Vous avez fait l'entraînement. Les sorties longues sont au compteur. Les séances difficiles sont bouclées. Tout est en bonne voie. Et puis, deux semaines avant le jour de la course, quelque chose de profondément troublant se produit.
Votre mollet gauche, qui n'a pas émis la moindre plainte en cinq mois d'entraînement, développe une mystérieuse gêne. Vos jambes sont comme du ciment mouillé. Vous vous réveillez à 3h du matin, convaincu de perdre votre forme d'heure en heure. Chaque coureur que vous croisez lors de sa course matinale vous semble être une accusation personnelle. Vous vous surprenez à chercher sur Google "peut-on faire une sortie de 32 km deux semaines avant un marathon" à minuit.
Félicitations. Vous avez la folie de l'affûtage.
Voici la bonne nouvelle : c'est tout à fait normal, presque universel chez les marathoniens, et c'est en fait un signe que les choses se passent exactement comme prévu. La recherche montre que jusqu'à 78 % des marathoniens ressentent une anxiété significative, des douleurs fantômes et des troubles de l'humeur pendant leur période d'affûtage. Les coureurs qui se sentent le plus mal pendant ces deux semaines sont souvent ceux qui courent le mieux le jour de la course.
Parlons donc de ce qui se passe réellement, pourquoi on se sent si mal, et comment y faire face sans faire quelque chose que vous regretteriez.
Alors, qu'est-ce que c'est réellement la folie de l'affûtage ?
La folie de l'affûtage est l'ensemble des symptômes physiques et psychologiques qui frappent les coureurs pendant la période d'affûtage, qui correspond aux deux à trois semaines précédant une course lorsque le volume d'entraînement diminue délibérément pour permettre au corps de récupérer et d'atteindre son pic de forme.
Les symptômes varient d'un coureur à l'autre mais incluent généralement une délicieuse combinaison des éléments suivants : jambes lourdes et sans vie lors de courses qui devraient sembler faciles ; douleurs et courbatures fantômes dans des parties du corps qui n'ont jamais posé de problème auparavant ; fatigue accablante ; agitation et irritabilité ; anxiété concernant le jour de la course ; l'envie irrationnelle de faire une dernière sortie longue ; et une conviction profonde et insidieuse que toute votre forme physique a discrètement fait ses valises et est partie sans vous prévenir.
C'est en fait votre cerveau et votre corps qui organisent une rébellion coordonnée contre la chose même dont ils ont le plus besoin.
Pourquoi l'affûtage vous fait-il vous sentir si mal ?
Vos jambes sont lourdes et sans vie
Celle-ci prend presque tous les coureurs au dépourvu.

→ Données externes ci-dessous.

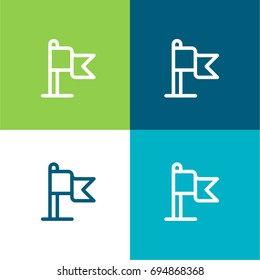 Flag green and blue material color minimal icon or logo design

Vous réduisez votre kilométrage, vous vous reposez davantage, et vos jambes se sentent plus mal qu'elles ne l'étaient pendant l'entraînement de pointe. Comment est-ce possible ?
Une partie de l'explication réside dans le glycogène. À mesure que votre volume d'entraînement diminue, vos muscles commencent à reconstituer leurs réserves de glycogène en préparation du jour de la course. Le glycogène est stocké avec de l'eau, ce qui signifie que vos muscles sont littéralement plus lourds que d'habitude. Ces jambes lourdes ne sont pas un signe de déclin de votre forme physique. Elles sont le signe d'un corps qui fait le plein de carburant pour ce qui s'en vient.

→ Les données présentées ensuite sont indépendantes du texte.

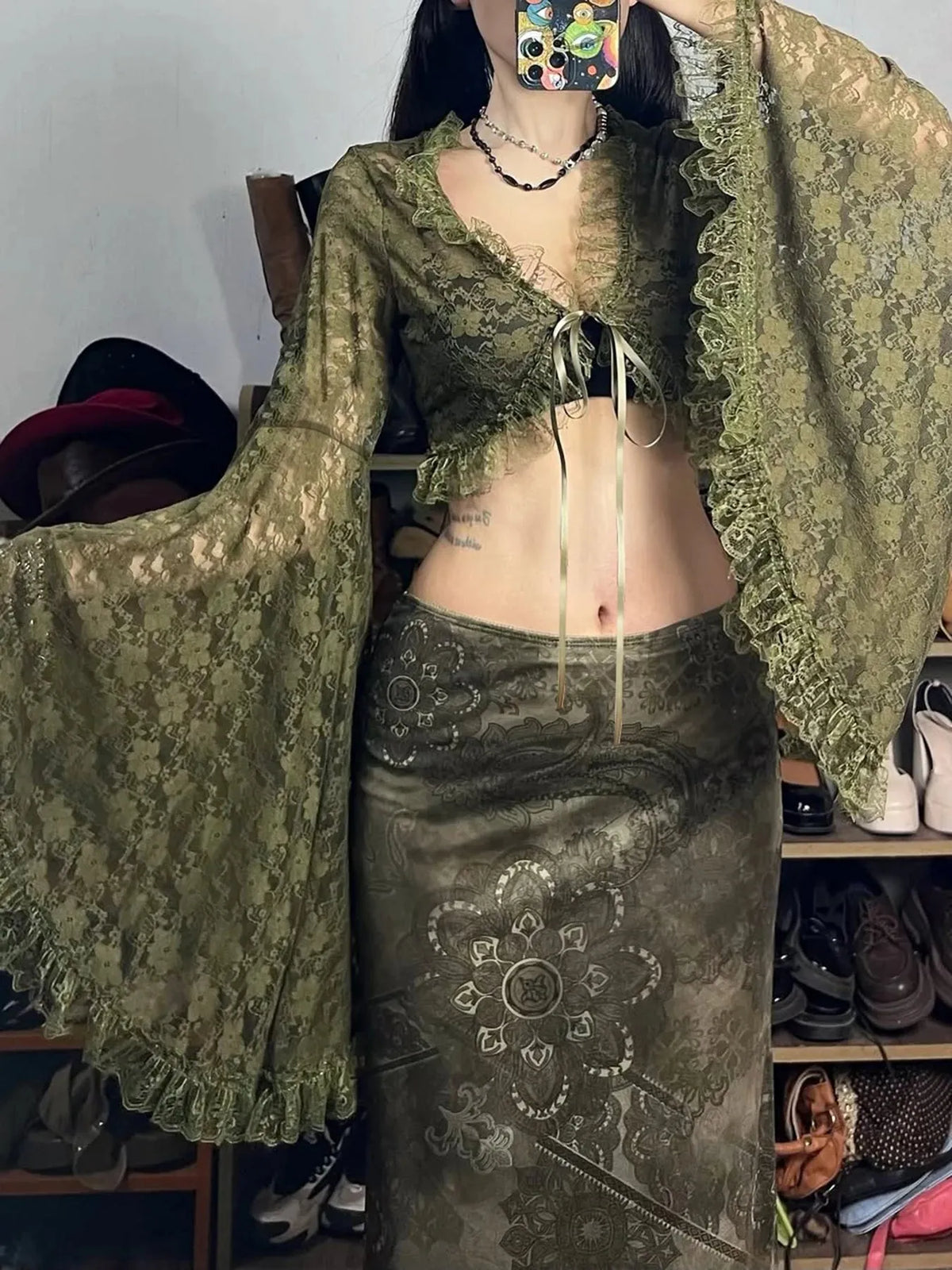 Fairy Grunge Bolero Crop Top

L'autre facteur est que, pendant un entraînement intense, votre corps est dans un état constant de légère fatigue. Vous portez toujours une certaine fatigue dans vos jambes, et vous y êtes tellement habitué que cela vous semble normal. Lorsque l'entraînement diminue, la fatigue change de nature plutôt que de disparaître immédiatement, et son caractère inhabituel semble anormal. Ce n'est pas anormal. C'est juste différent.

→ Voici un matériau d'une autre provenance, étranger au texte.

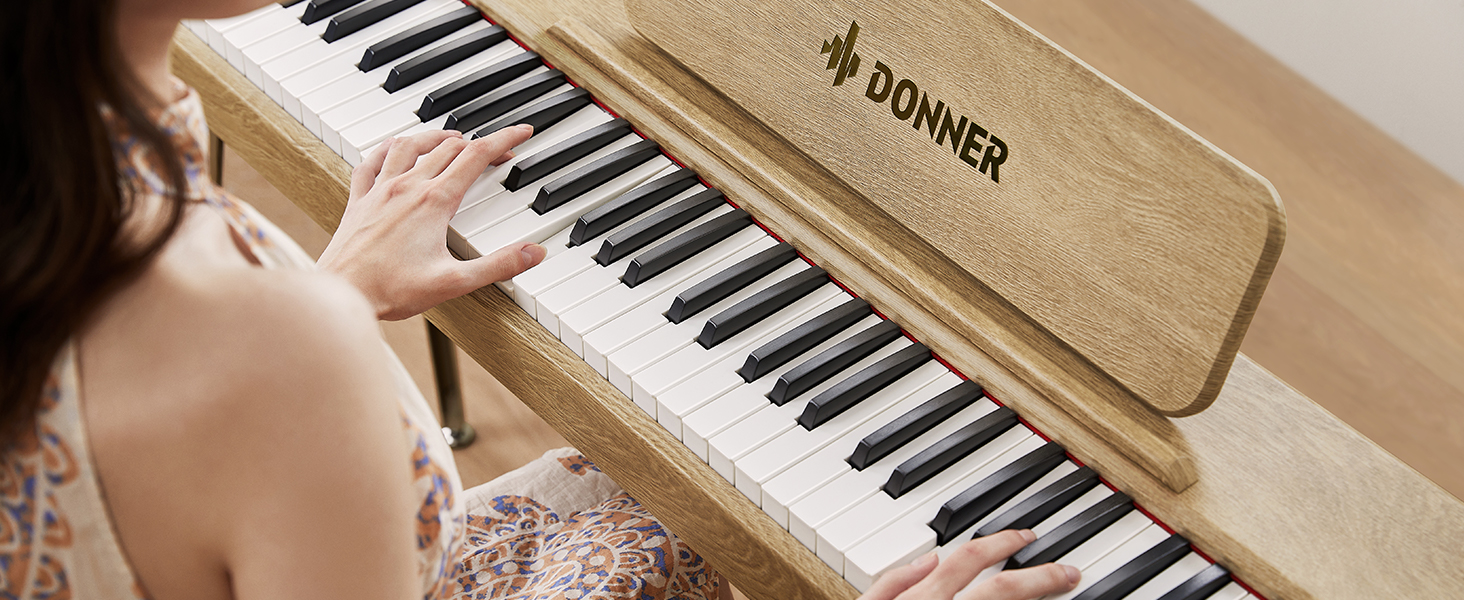 Donner DDP-60 - Цифрове піаніно з 88 клавішами для початківців, електроклавішне піаніно з динамічною клавіатурою, 128 тембрів, 83 ритми, 8 ефектів реверберації, 5 рівнів гучності, Auto Chord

Des blessures fantômes apparaissent de nulle part
Votre tendon d'Achille. Votre genou. Votre hanche. Une vague tension dans votre ischio-jambier droit dont vous êtes certain qu'elle n'était pas là hier. L'affûtage est essentiellement une vitrine de maux fictifs.
Il y a deux explications physiologiques réelles à cela. Premièrement, pendant les périodes d'entraînement intense, votre corps supprime certaines fonctions immunitaires et de réparation pour vous permettre de supporter la charge de travail élevée. Lorsque l'entraînement diminue, votre système immunitaire se remet en marche et commence à s'occuper des inflammations mineures et de la réparation des tissus qui avaient été mises de côté. Ce processus peut provoquer des picotements et des sensations étranges qui sont simplement le signe que votre corps effectue un travail de maintenance, et non qu'il signale une nouvelle blessure.
Deuxièmement, vous disposez de beaucoup plus de temps et de capacité mentale pour prêter attention à votre corps. Pendant une grosse semaine d'entraînement, vous êtes trop fatigué et trop occupé pour remarquer chaque petite sensation. Pendant l'affûtage, vous êtes reposé, alerte et n'avez rien de mieux à faire que de procéder à un audit physique complet de vous-même de la tête aux pieds. La plupart de ce que vous trouverez ne sera rien.
Votre niveau d'énergie s'effondre
L'afflux d'endorphines des grosses semaines d'entraînement est réel. Les longues sorties, les séances d'intervalles et les entraînements au tempo intense inondent votre système d'hormones du bien-être qui régulent votre humeur, votre énergie et votre sentiment de bien-être. Lorsque l'entraînement diminue, cet apport constant d'endorphines disparaît avec lui. Le résultat peut ressembler beaucoup à un léger sevrage, avec des baisses d'humeur, de l'agitation et un vague sentiment qu'il manque quelque chose.
C'est l'une des raisons pour lesquelles la folie de l'affûtage a une dimension psychologique autant que physique. Pendant des semaines et des mois, votre identité s'est construite autour du fait d'être quelqu'un qui s'entraîne dur. L'affûtage perturbe cette routine d'une manière qui peut véritablement déstabiliser même les coureurs expérimentés.
L'anxiété monte en flèche
Tout le temps que vous passiez à courir est maintenant libre. Et votre cerveau, n'ayant nulle part ailleurs où diriger son énergie, la tourne entièrement vers le jour de la course. Et s'il pleut ? Et si ma nutrition ne va pas ? Et si je pars trop vite ? Et si je n'ai pas fait assez ?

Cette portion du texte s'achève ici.